Methodology for the monthly precipitation, surface water, and groundwater maps¶
Introduction¶
The goal of the freshwater maps is to visually provide a representative monthly wetness or dryness generalisation over large areas in Canterbury. For the surface water and precipitation maps, these areas represent the different hydrologic landscapes according to differences in elevation and latitude. The groundwater maps were meant to be representative for the CWMS zones.
The monthly generalisation is meant to be categorical rather than numerical. The development of the statistics and the associated maps followed this goal. The mapping model was built in Python and mapped using the open source interactive python plotting library called Bokeh.
Surface water and precipitation¶
The sites selection for the surface water and precipitation was based on sites having at least 10 years of data ending in the beginning of 2017 and, in the case of surface water sites, their overall contribution to the mapping areas. Since surface water sites aggregate the surface water flow from their entire upstream catchment, only one site from one particular river was generally used to ensure there was no overlapping contributing areas. This is different from the precipitation and groundwater sites as those are discrete datasets without massive contributing areas.
The site selection for the surface water and precipitation sites are a fixed input to the model. This should likely stay this way for surface water sites due to the complexity in the selection, but precipitation sites could be automatically updated within the model in the future similar to the site selection for groundwater sites.

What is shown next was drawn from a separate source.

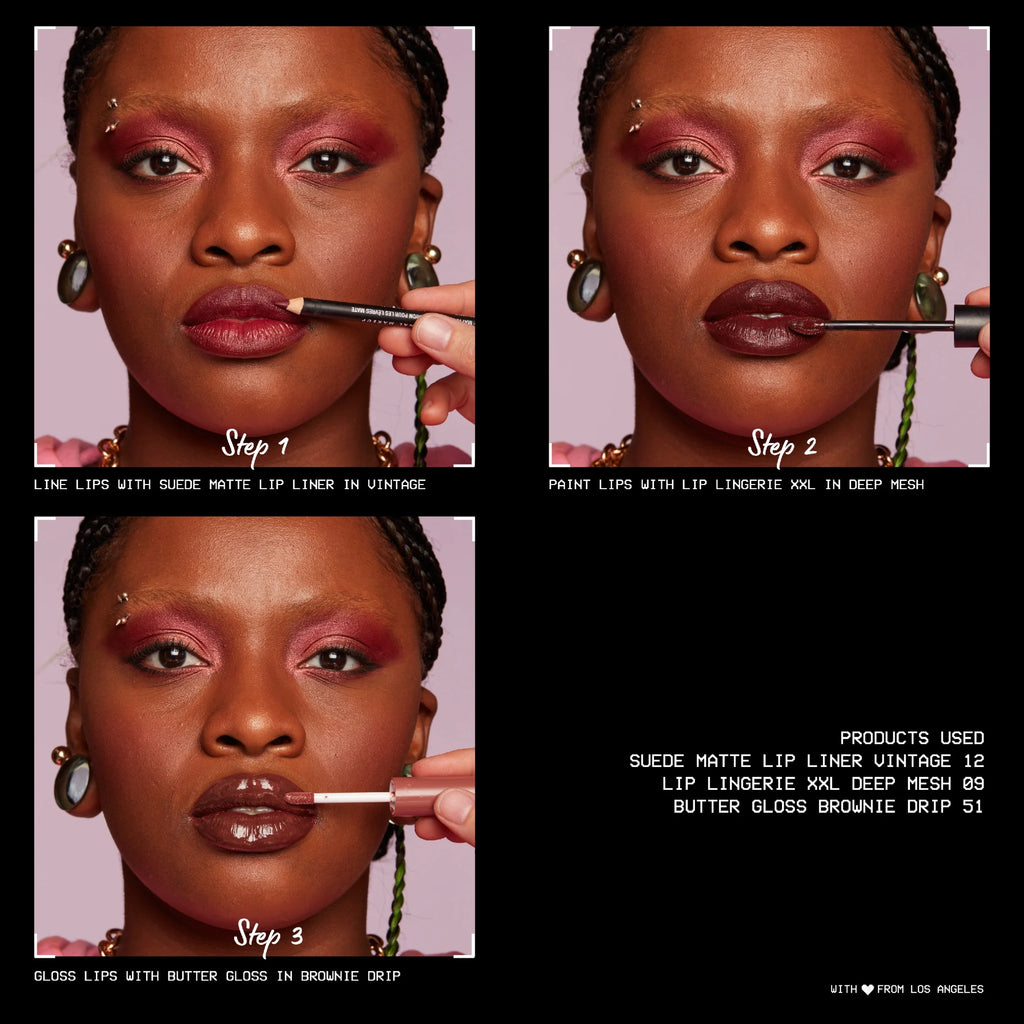 Butter Gloss, Non-Sticky Lip Gloss, Butterscotch, 0.27 Oz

First, all of the quality controlled data was extracted from Hydstra and monthly aggregates were calculated. As the statistics are meant to represent the overall monthly dryness or wetness, the monthly median was used for the flow data to ensure that flooding events would not bias the statistic (i.e. compared to mean or sum). The monthly sum was used for precipitation. The sites were then grouped by month and order rankings were calculated for the entire dataset.
For the map statistics, the last six months of telemetered data was extracted from HydroTel to ensure that the most up-to-date data is always available at the time of the map creation. Again, the sites were aggregated and grouped by month. The telemetered monthly values for each site were then ranked within the earlier quality controlled data to determine its percentile.
Once all of the percentiles for the past six months are calculated for all sites, the site percentiles were aggregated to the larger hydrologic areas. The aggregation procedure was different for surface water sites and precipitation sites. All precipitation sites were given equal weight for each area, so consequently a simple mean of all monthly site values were used. As flow measured at a particular point along a river represents everything up gradient of that site, each flow value within the larger hydrologic area was weighted by its catchment size.
Once the monthly site values are aggregated to each hydrologic area, a categorical index is applied. 0-10%tile: very low, 10-25%tile: below average, 25-75%tile: average, 75-90%tile: above average, 90-100%tile: very high. These categories are identical to maps created by the USGS in their Active Groundwater Level Network.
The mapping process is performed using the open source interactive python plotting library called Bokeh. The previous six months of the categories are presented on the map.
Groundwater¶
Most of the procedures for the groundwater map is similar to the surface water and precipitation map, but there are some key differences.
The areas used for the map presentation (and aggregation) for groundwater are the Canterbury Water Management Strategy (CWMS) zones as opposed to the larger hydrologic areas for surface water and precipitation.
The site selection for surface water and precipitation was performed once and is a fixed input to the mapping model, while the groundwater mapping makes the site selection every time the model is run. For the CWMS zones other than the Upper Waitaki, the criteria is that there is at least 10 years of data. Due to a necessity of including the Upper Waitaki even though no well meets the criteria of having at least 10 years of data, the year limit was lowered to 5 years.
The only data that was utilised for the groundwater mapping was the monthly manual water level measurements. This was done to increase the number of available wells for the mapping as compared to the wells with continuous data. All values up to the previous month were extracted. As the monthly sampling is performed at various times of the month and may even occasionally occur twice or not at all in a month, a linear interpolation was performed for all sites and the monthly median was taken to provide a more consistent and comparable dataset between sites.
The percentiles for the all sites for the entire dataset were calculated and, as with the surface water and precipitation mapping, the previous six months of percentiles were aggregated to the CWMS zones. The categories were then calculated according to the above and plotted using Bokeh.